Quant à la distanciation qualifiée de sociale et non de physique, elle est quotidiennement représentée dans les médias par ce schéma : --------→ 1 m. La distanciation se mesure donc. On s’écarte d’un mètre. Il s’agit bien d’une mesure physique. Alors, comment procède-t-on pour la distanciation sociale ? L'être humain est ontologiquement un être social, c'est-à-dire un être marqué par les relations dans lesquelles est inscrite sa vie, par les rapports qu’il entretient avec les autres. En psychologie sociale, une relation n’est pas un état mais un ensemble de processus à travers lesquels la vie sociale et individuelle s’exprime. Que devient alors le rapport à l’autre dans ce contexte-ci ?

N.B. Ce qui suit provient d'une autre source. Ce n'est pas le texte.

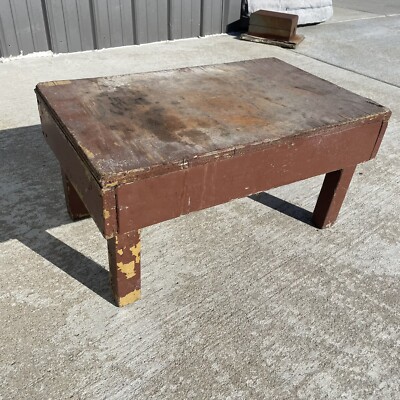 Rustic Large Wood Painted Foot Stool Plant Stand Vintage Decor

Toujours dans ce contexte, le couvre-feu nous a été imposé. Selon le dictionnaire Larousse, le couvre-feu était autrefois, le signal qui indiquait le moment de rentrer chez soi et d'éteindre les lumières. Il s’agissait d’une mesure de police ou d’un ordre militaire interdisant temporairement de sortir des maisons. Éteindre les lumières : que faut-il entendre ? Allons-nous vers l’obscurité ou bien vers une forme d’obscurantisme ? Le couvre-feu nous interdisant de participer à toute vie culturelle et sociale. Ordre militaire à l’origine, sommes-nous donc en guerre ? Et qui dit guerre dit climat de peur et d’insécurité.

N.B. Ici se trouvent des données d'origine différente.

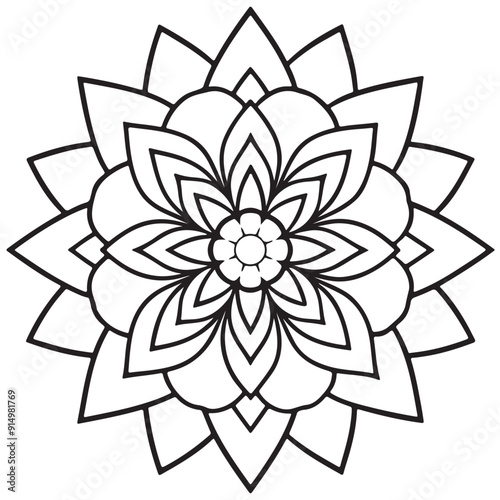 Blossom Mandala Shape. Circular pattern in form of mandala, tattoo, decoration. Decorative ornament in ethnic oriental style.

Les mots donc, peuvent pour un même objet, générer un référentiel anxiogène.
Par le passé, nous avions vu apparaître de nouvelles qualifications. Direction des ressources humaines remplaçant gestion du personnel. Voici donc les employés assimilés à des ressources au même titre que les ordinateurs, les bureaux, les consommables … Technicien de surface a remplacé homme de ménage. Et dans l’Éducation nationale de nouvelles expressions comme Tenir un crayon devient Apprendre à manier "l’outil scripteur", et une dictée, "de la vigilance orthographique".
Quels sont les objectifs de cette démarche pseudo scientifique ? Cela nous renvoie bien sûr à la fonction conative définie par Jackobson qui est une des fonctions du langage. (cf : Les six fonctions de la communication de Roman Jakobson)

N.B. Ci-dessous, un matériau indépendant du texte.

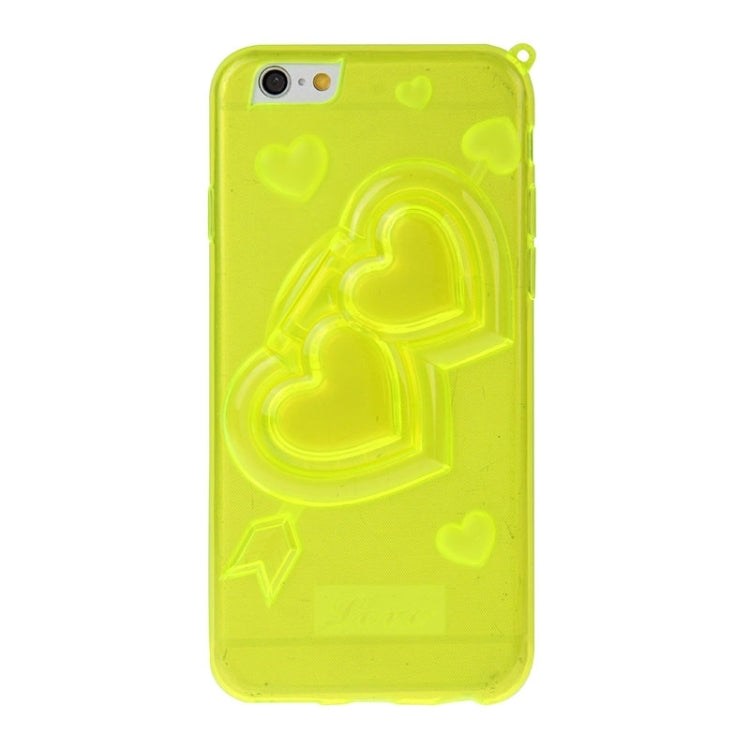 3D Love Heart Pattern TPU Protective Case with Holder & Lanyard for iPhone 6 Plus & 6S Plus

La fonction conative concerne le récepteur. Elle marque la volonté du destinateur, celui qui parle, à agir sur le destinataire, à l'influencer. Son rôle est d'interpeller le récepteur, d'établir le lien avec lui. C'est évidemment la fonction la plus privilégiée par la publicité et la propagande.
Chère Philomène, le seul questionnement qui résulte de ce constat, est le suivant : quelle est l’intentionnalité du locuteur ? Ceci, afin de ne pas être influencé à notre insu et à nous permettre d’activer notre esprit critique.